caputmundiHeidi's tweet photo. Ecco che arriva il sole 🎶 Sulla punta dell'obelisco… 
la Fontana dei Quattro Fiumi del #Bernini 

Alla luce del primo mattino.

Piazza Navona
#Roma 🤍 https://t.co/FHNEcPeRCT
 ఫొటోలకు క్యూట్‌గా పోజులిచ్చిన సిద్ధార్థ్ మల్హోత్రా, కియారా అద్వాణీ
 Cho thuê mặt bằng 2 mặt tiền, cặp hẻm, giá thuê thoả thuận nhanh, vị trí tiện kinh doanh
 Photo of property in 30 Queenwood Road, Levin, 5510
# # # # # # #
Set all the data down again, exactly as it reads above.

caputmundiHeidi's tweet photo. Ecco che arriva il sole 🎶 Sulla punta dell'obelisco… 
la Fontana dei Quattro Fiumi del #Bernini 

Alla luce del primo mattino.

Piazza Navona
#Roma 🤍 https://t.co/FHNEcPeRCT
 ఫొటోలకు క్యూట్‌గా పోజులిచ్చిన సిద్ధార్థ్ మల్హోత్రా, కియారా అద్వాణీ
 Cho thuê mặt bằng 2 mặt tiền, cặp hẻm, giá thuê thoả thuận nhanh, vị trí tiện kinh doanh
 Photo of property in 30 Queenwood Road, Levin, 5510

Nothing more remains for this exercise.